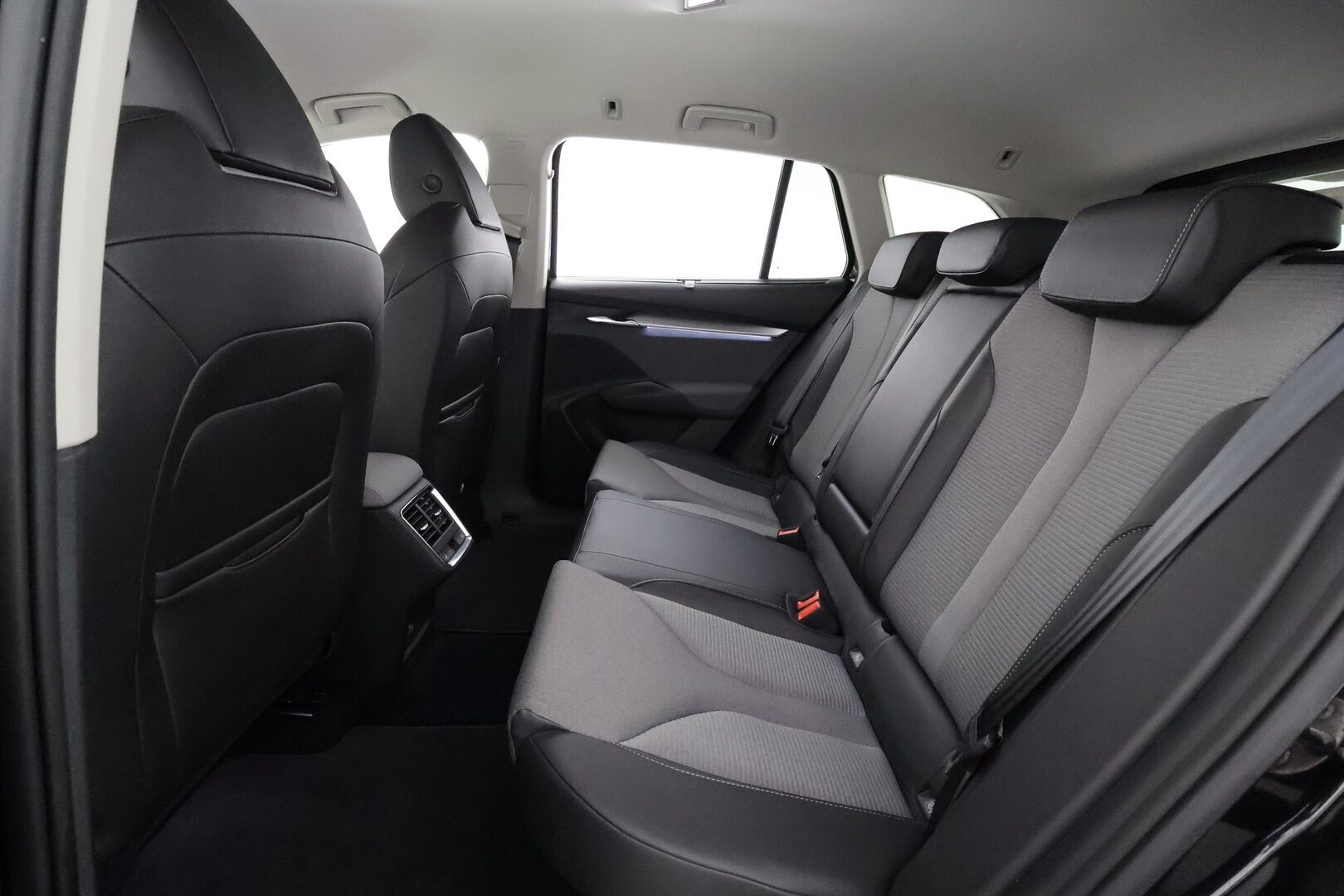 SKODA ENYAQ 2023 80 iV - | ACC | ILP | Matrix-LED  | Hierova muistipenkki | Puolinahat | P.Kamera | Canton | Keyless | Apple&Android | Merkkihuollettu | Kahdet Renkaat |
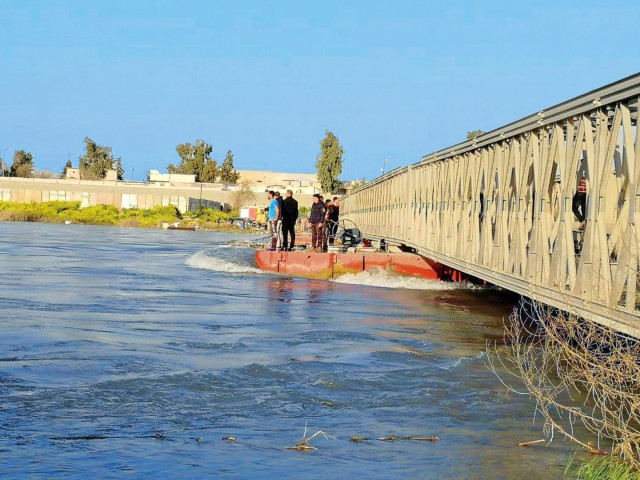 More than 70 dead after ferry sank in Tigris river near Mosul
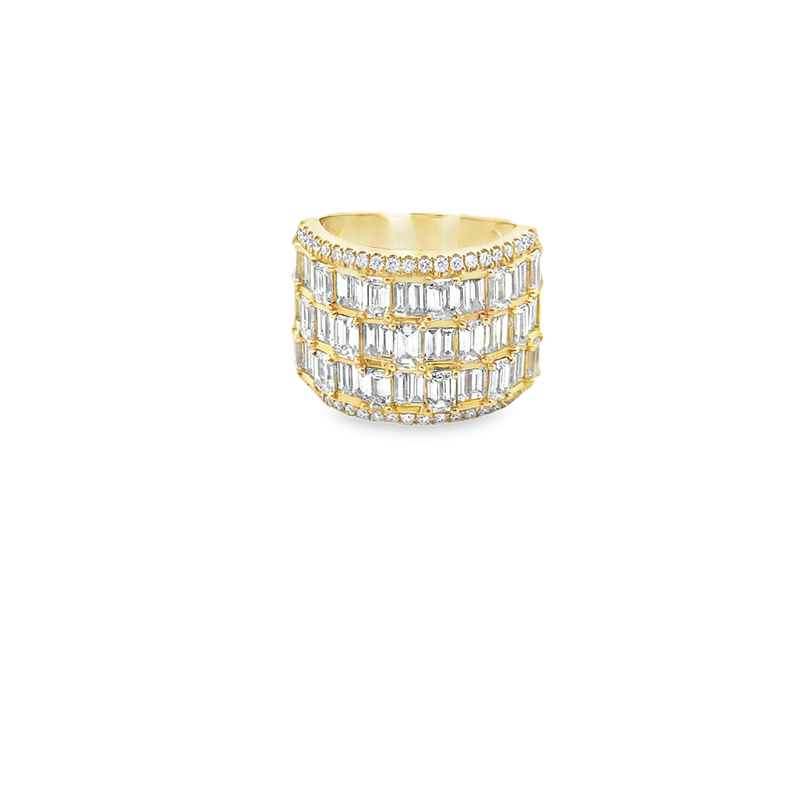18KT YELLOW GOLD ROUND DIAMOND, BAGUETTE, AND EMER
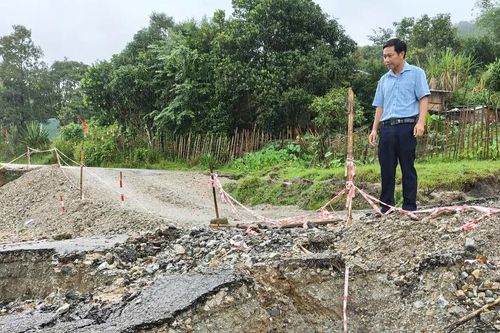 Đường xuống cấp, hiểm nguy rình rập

--

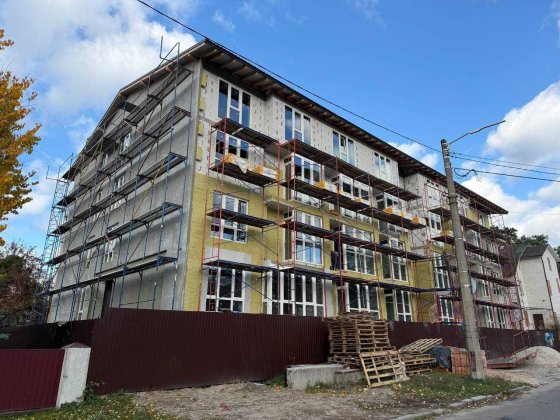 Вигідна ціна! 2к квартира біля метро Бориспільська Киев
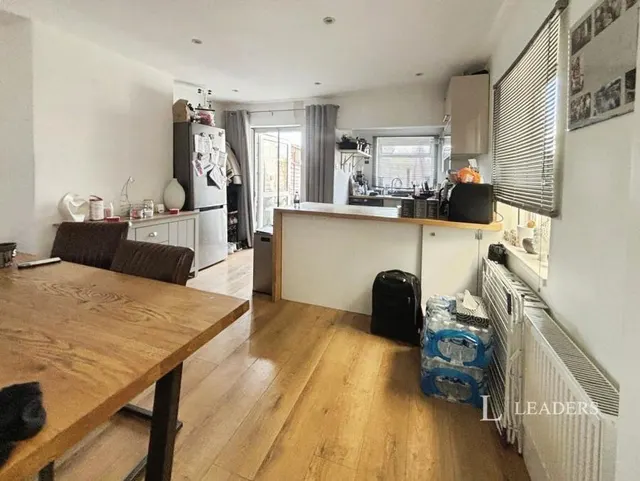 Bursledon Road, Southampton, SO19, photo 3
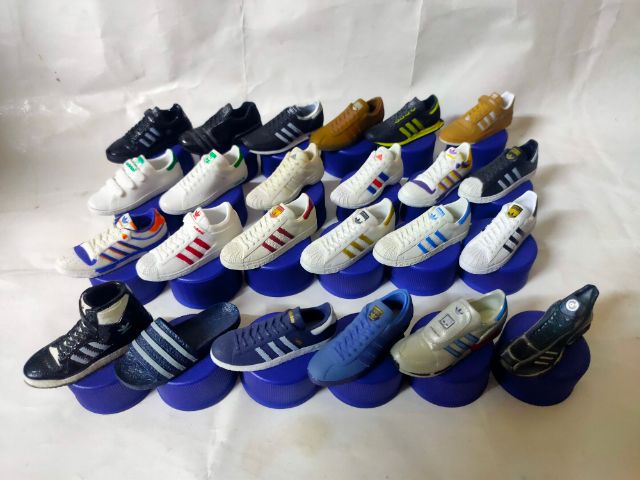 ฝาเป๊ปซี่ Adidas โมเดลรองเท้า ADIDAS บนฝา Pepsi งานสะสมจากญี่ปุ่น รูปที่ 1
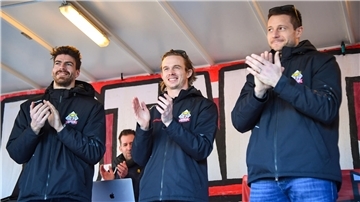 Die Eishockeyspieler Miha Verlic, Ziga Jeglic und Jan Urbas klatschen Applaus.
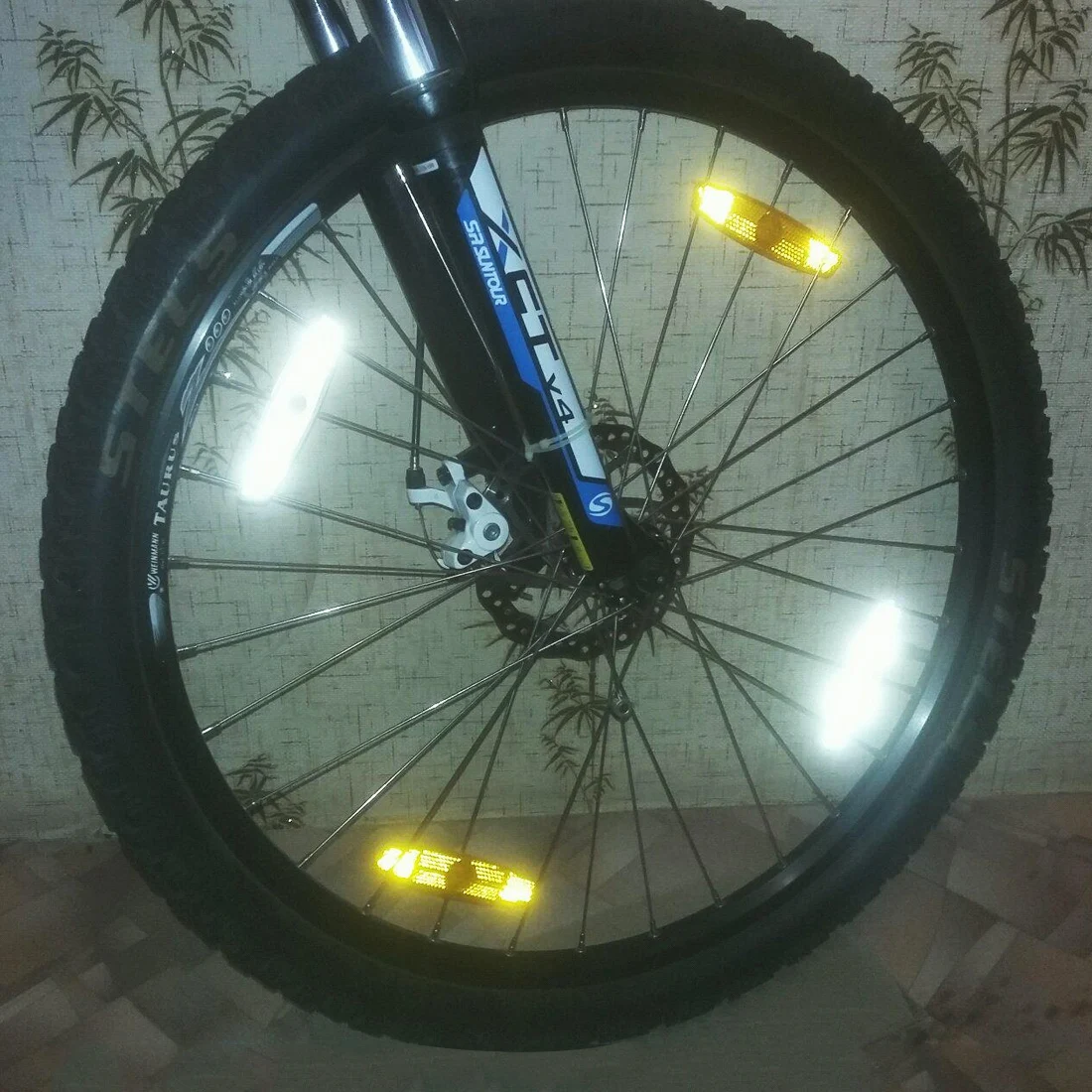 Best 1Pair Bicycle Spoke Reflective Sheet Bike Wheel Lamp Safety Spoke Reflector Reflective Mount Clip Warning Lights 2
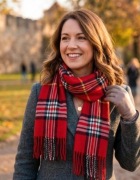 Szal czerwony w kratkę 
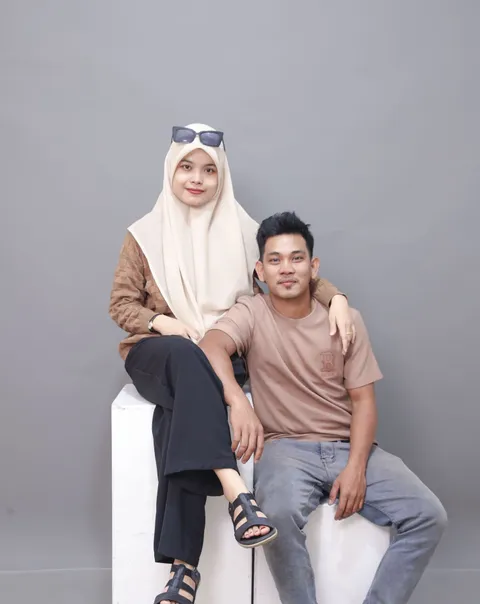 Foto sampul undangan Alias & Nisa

* [Work request]:
Starting at the line containing "SKODA ENYAQ 2023" and finishing at the line containing "Đường xuống cấp, hiểm nguy rình rập", return those lines exactly as they appear above, without the pictures.

* [Response]:
 SKODA ENYAQ 2023 80 iV - | ACC | ILP | Matrix-LED  | Hierova muistipenkki | Puolinahat | P.Kamera | Canton | Keyless | Apple&Android | Merkkihuollettu | Kahdet Renkaat |
 More than 70 dead after ferry sank in Tigris river near Mosul
18KT YELLOW GOLD ROUND DIAMOND, BAGUETTE, AND EMER
 Đường xuống cấp, hiểm nguy rình rập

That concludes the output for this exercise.